Some more thoughts: It’s just struck me how incredibly lucky I am. Schmuck that I can be, I usually take for granted the amazing luxuries of my life. Chief among them is my freedom.

Unlike Josh or Ronna or Alice, I’m not embroiled in office politics. I don’t have to worry about my boss’s boss’s boss. The only pressure I’m under is my own. I set the deadlines, make the demands, make the rules.

It’s like a flash of lightning hitting me: I already have what so many people want.

Yet I complain. Even when I taught at BCC, I had a fairly flexible schedule and little interference.

As an adjunct, I’ve had even less responsibility. If John Jay wants to lay me off, fine, I accept that cheerfully, but that also gives me the freedom to walk away from John Jay whenever I want and to feel no loyalty to them.

I’m already living a 21st century life.

Crad is undoubtedly correct when he says that Ontario should give its citizens a guaranteed minimum wage even if they’re not working. We’ve just got to get the old Protestant ethic out of our heads.

Friday, March 29, 1985

1 AM. I brought Josh and Candy home, and they’re sleeping on the other mattress, which they’ve taken into the front room so they can have privacy.

They make quite a couple.
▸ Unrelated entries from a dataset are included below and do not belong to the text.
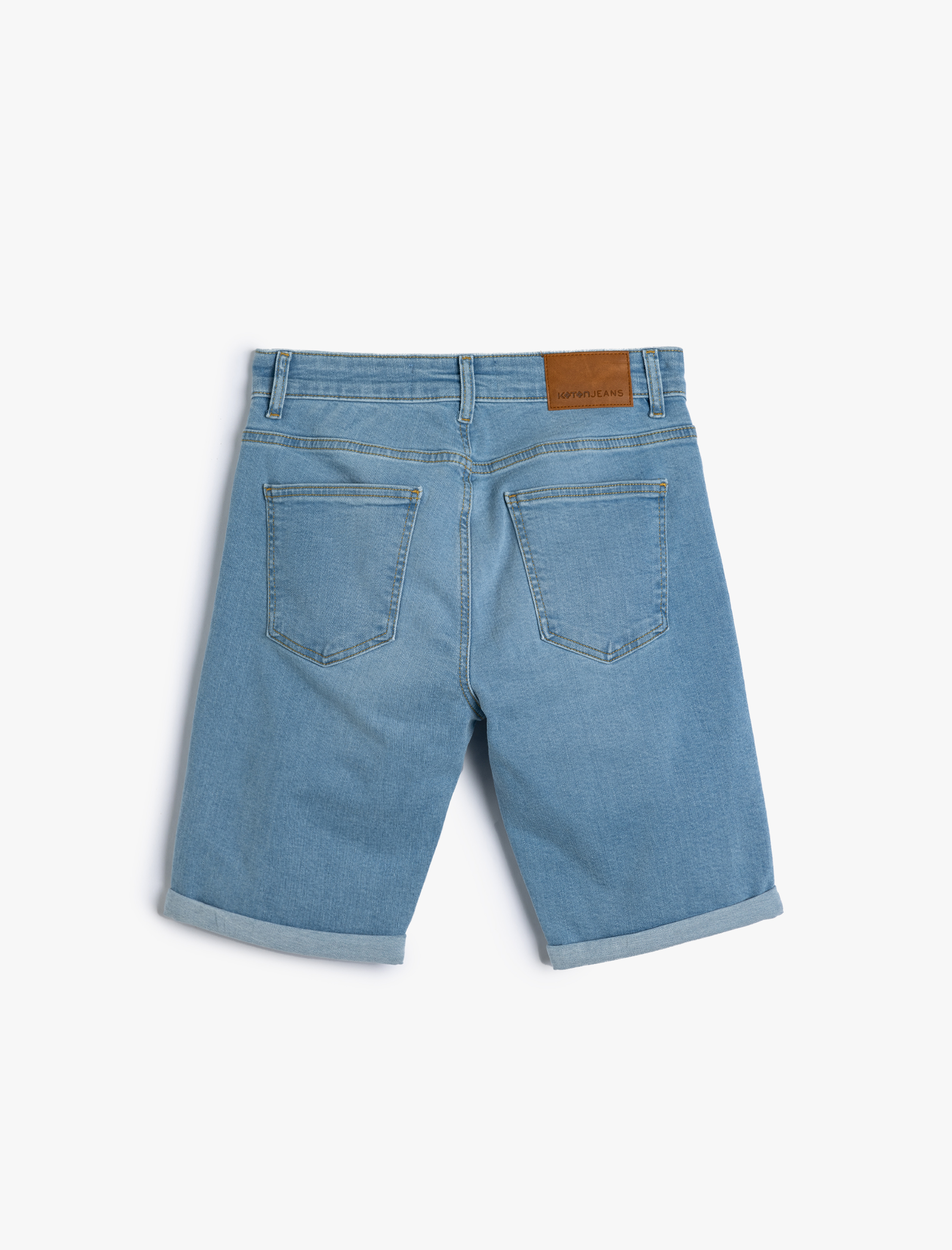 Slim Fit Kot Şort Bermuda Cep Detaylı Pamuklu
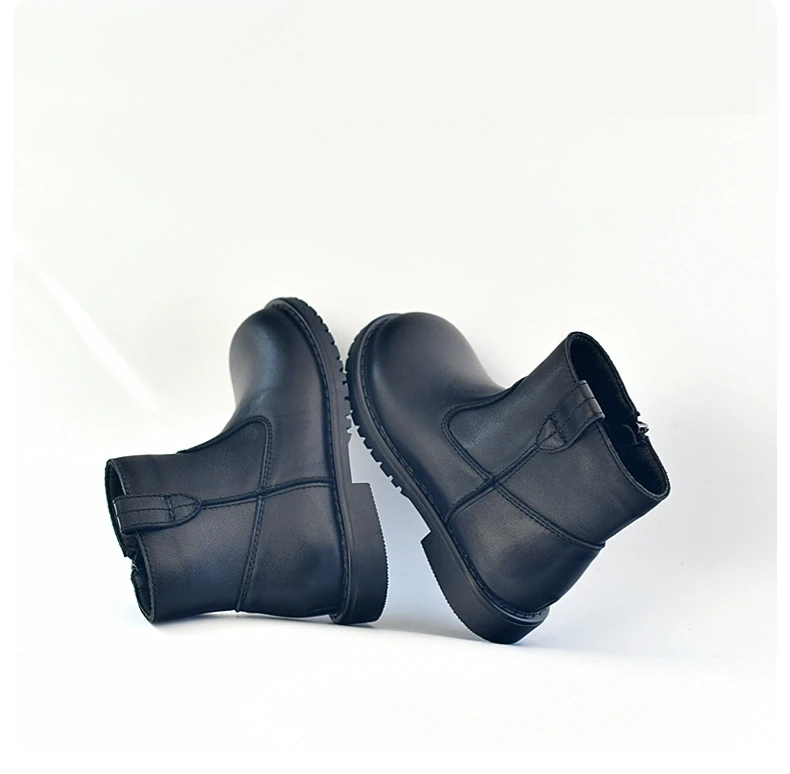 Spring Genuine Leather Children's Riding Boots Winter Warm Plush Cowhide Princess Kids Shoes Baby Girls Boys Snow Boots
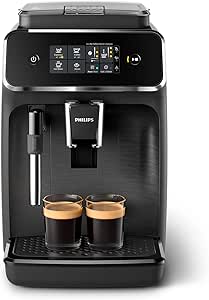 Philips Serie 2200 Cafetera Espresso Automática - 2 Cafés, Pantalla Táctil, Espumador de Leche Clásico, Molinillo Cerámico, Negro Mate (EP2220/10)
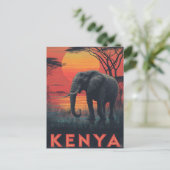 Carte Postale Kenya Elephant vintage (Debout devant)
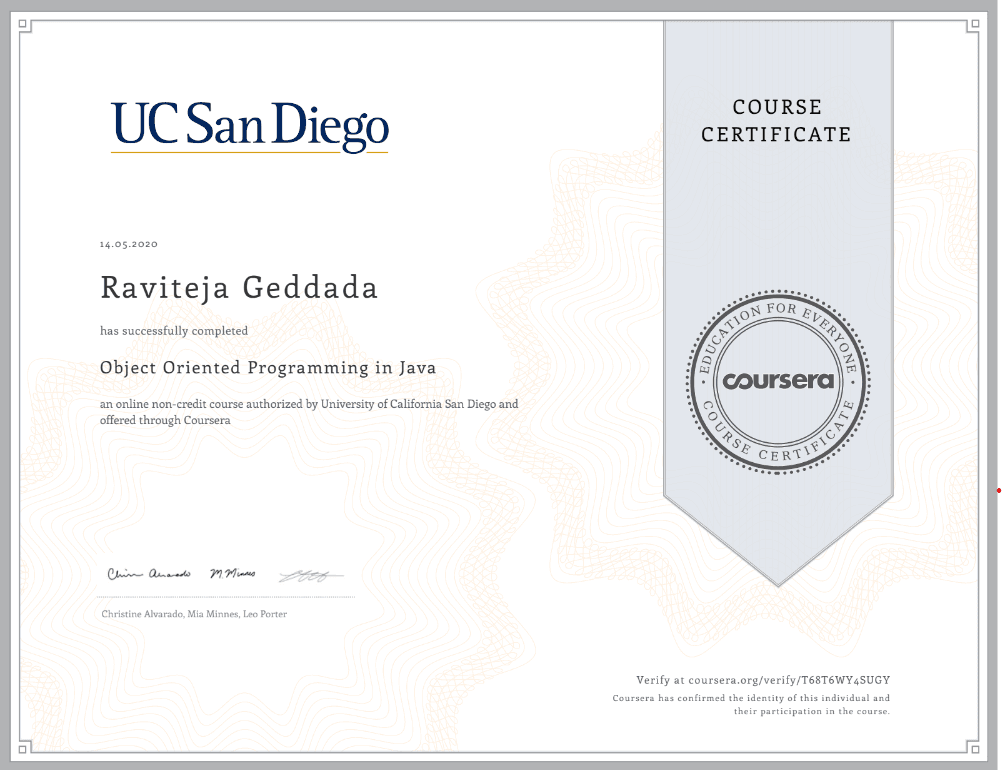 Object Oriented Programming in Java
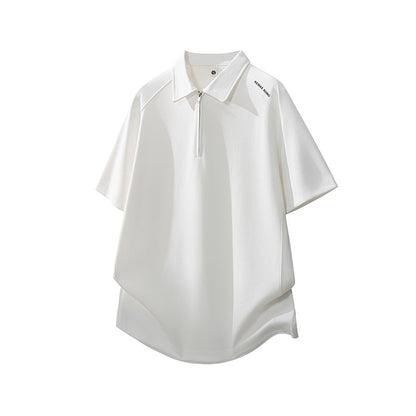 Short-sleeved polo shirt for men, loose-fitting, with letter printing and patchwork T-shirt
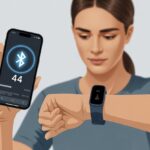 A person wearing a fitness tracker and holding a smartphone, both showing indicators of a Bluetooth connection issue.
I don’t know how they’ll avoid getting on each other’s nerves because they are opposite in temperament. Candy is bubbly, cheerful, a bit ditsy and somewhat dense; Josh is quiet, moody, sullen and somewhat rigid.

Although they are both given to non sequitur, their trains of thought seem to move on tracks that are continents apart — so that following their conversation is like being led blindfold through an amusement park funhouse.
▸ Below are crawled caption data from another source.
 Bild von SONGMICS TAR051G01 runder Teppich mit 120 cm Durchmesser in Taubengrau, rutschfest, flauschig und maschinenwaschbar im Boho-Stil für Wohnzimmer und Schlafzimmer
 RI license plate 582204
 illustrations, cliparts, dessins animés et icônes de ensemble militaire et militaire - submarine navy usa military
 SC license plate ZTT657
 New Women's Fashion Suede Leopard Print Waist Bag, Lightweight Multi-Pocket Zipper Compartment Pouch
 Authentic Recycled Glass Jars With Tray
(I know: mixed metaphors. But it’s the middle of the night.)

In the few minutes I was alone with Josh, he told me he doesn’t know what he’s doing here. He seems disoriented, but a lot of people are when they get off a plane.

Wanda’s dropping him was a terrible shock: “I’ve hardly ever been this affected by a woman.”
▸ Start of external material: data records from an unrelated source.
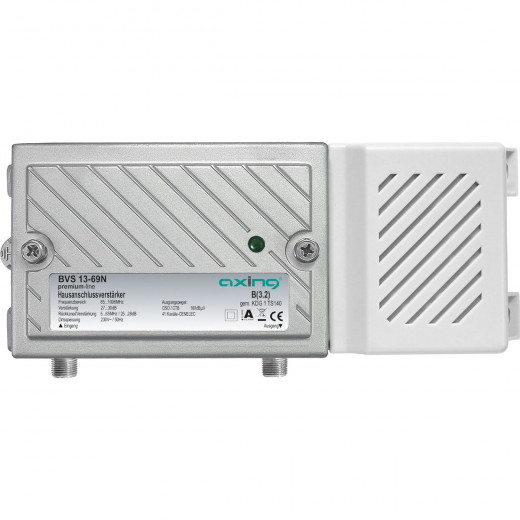 Axing BVS 13-69N premium-line CATV-Verstärker 30 dB regelbar - 1006 MHz, 100 dBµV - aktiver Rückkanal - Dämpfung und Entzerrung einstellbar - Vodafone gelistet
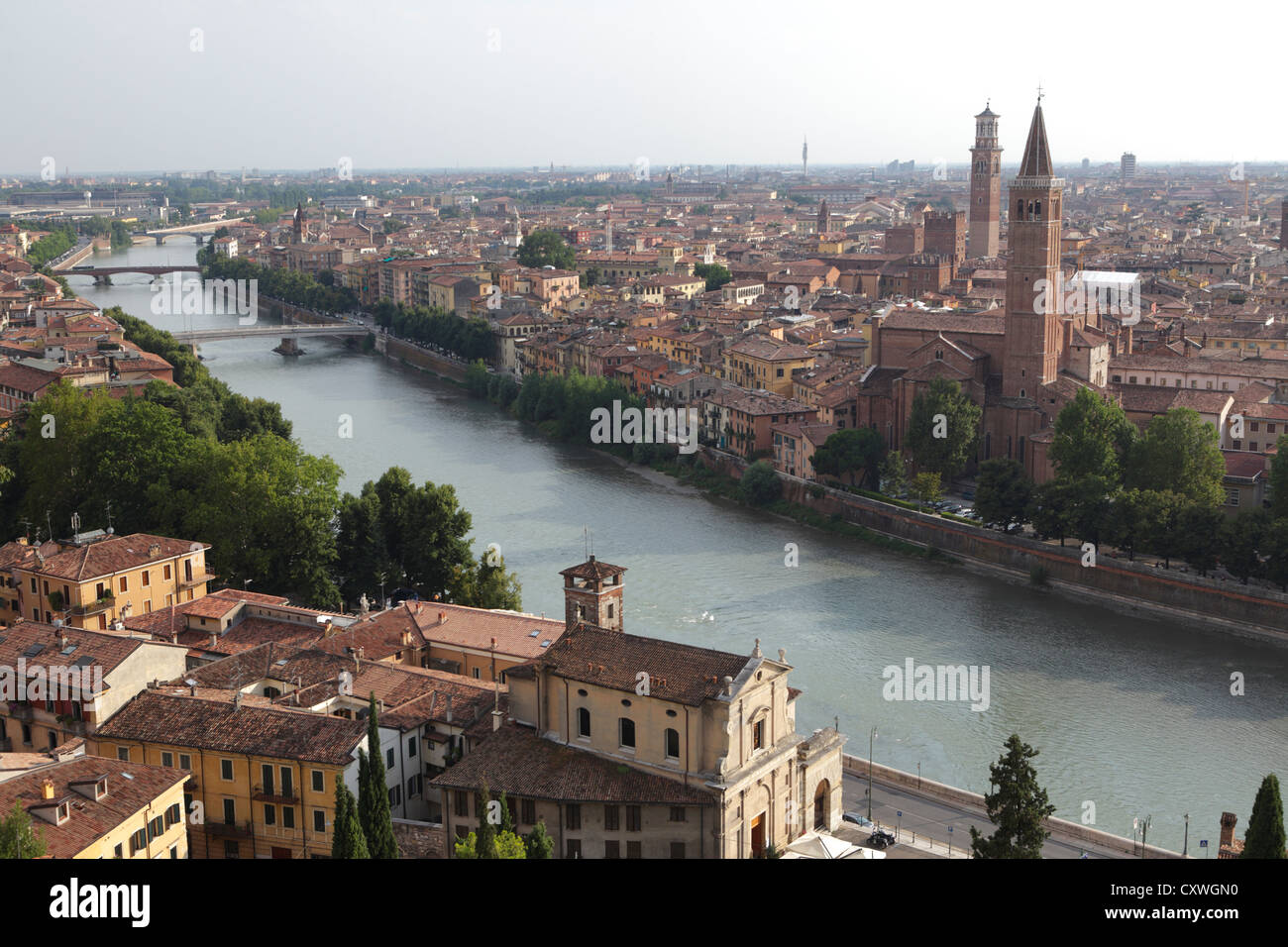 Cityscape of Verona and the Adige River, Verona, Italy Stock Photo - Alamy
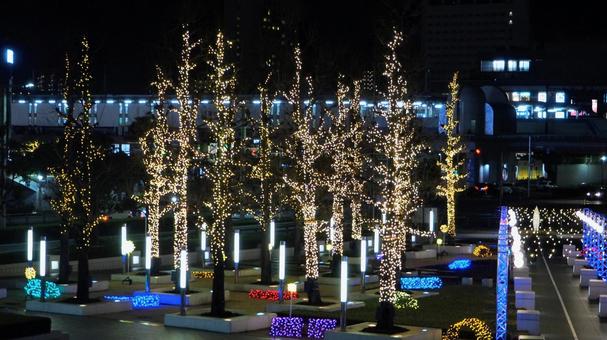 海浜幕張駅・駅付近のクリスマス（千葉市） クリスマス,イルミネーション,冬の写真素材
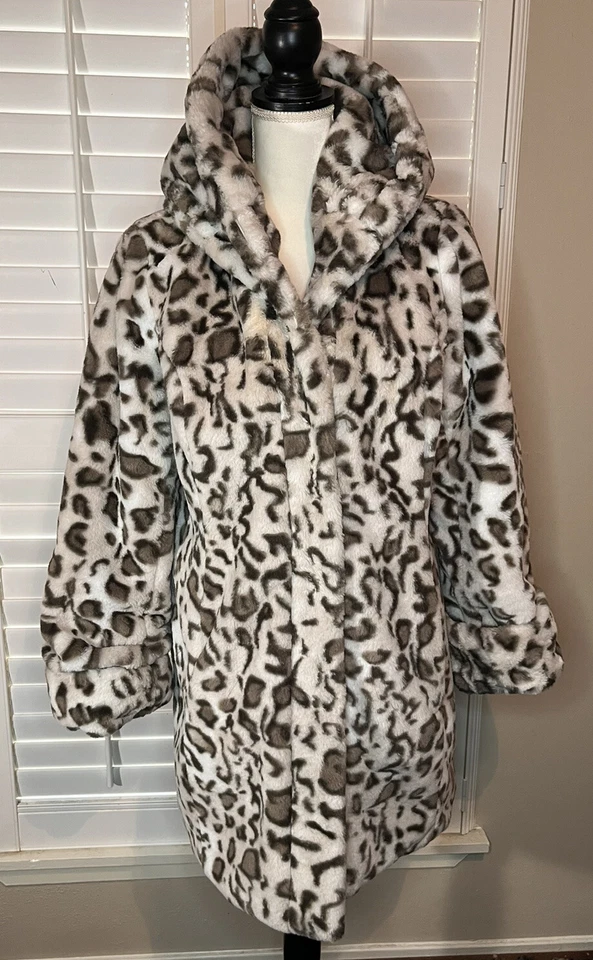 Abrigo acolchado Dennis Basso reversible de piel sintética lince de nieve talla S capucha estampado animal Foto 3 de 4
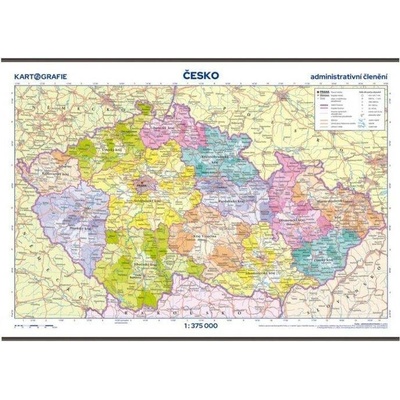 Česko – administrativní členění – školní nástěnná mapa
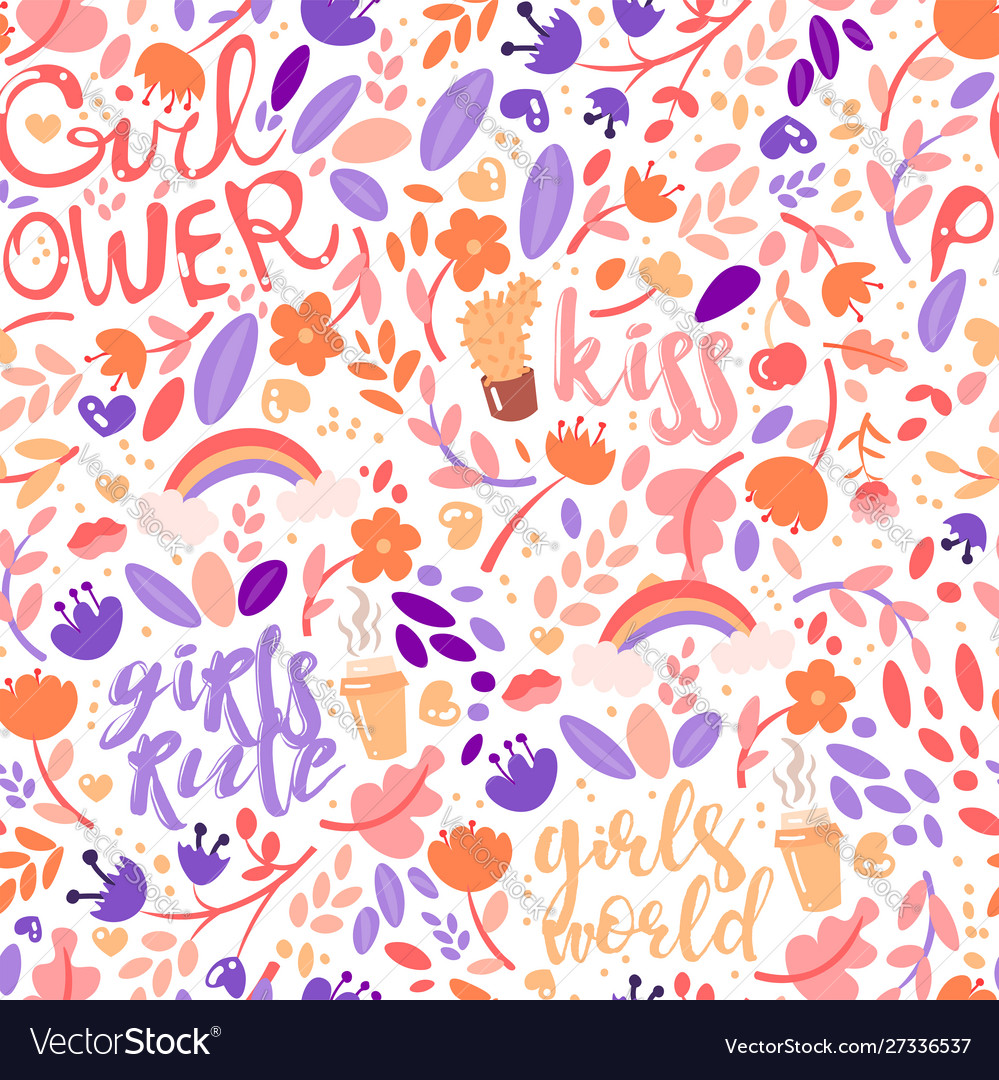 Mädchen Power Floral Seamless Muster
Coming on top of the dog’s death — which itself was a devastating loss — the breakup has left him numb, shaken and defenseless.

When Candy sent him a sympathy note after Butch died, they got together and she suggested he accompany her on her visit to Florida.

Because he figured getting out of the apartment would do him good, he agreed — but I can tell that he’s here, and with Candy, because he doesn’t know what else to do.

His brother plans on taking off from work tomorrow, so Josh wants to rent a car early and drive to Miami Beach to see him.

Josh sent me regards from Joyce. She is such a nice person.

I had no trouble driving to Miami Airport; in fact, it was quite a treat.


3 PM. I have to be leaving for FAU in Boca soon. My head is killing me. As expected, I didn’t get much sleep.

Josh was anxious to get out early to meet his brother, so we were out of here by 8:15 AM, had breakfast at Denny’s, and an hour after that, Josh had rented the car and was off to North Miami Beach. (I gave him directions on the map.)

Meanwhile, Candy and I drove to the Strip to gaze at the Spring Breakers, and then I took her to her mother’s at Sunrise Lakes, where Mrs. Hurwitz had left the key under the doormat.

After getting the mail (lots, none substantially interesting), I’ve been lying down, but I’ve got a headache that won’t quit.

Sunday, March 31, 1985

2 PM. I’m expecting Amira and her friend within the hour. She called my parents on Friday night but didn’t leave her number. Last evening she phoned me from South Miami, where she and her traveling companion were staying with a friend.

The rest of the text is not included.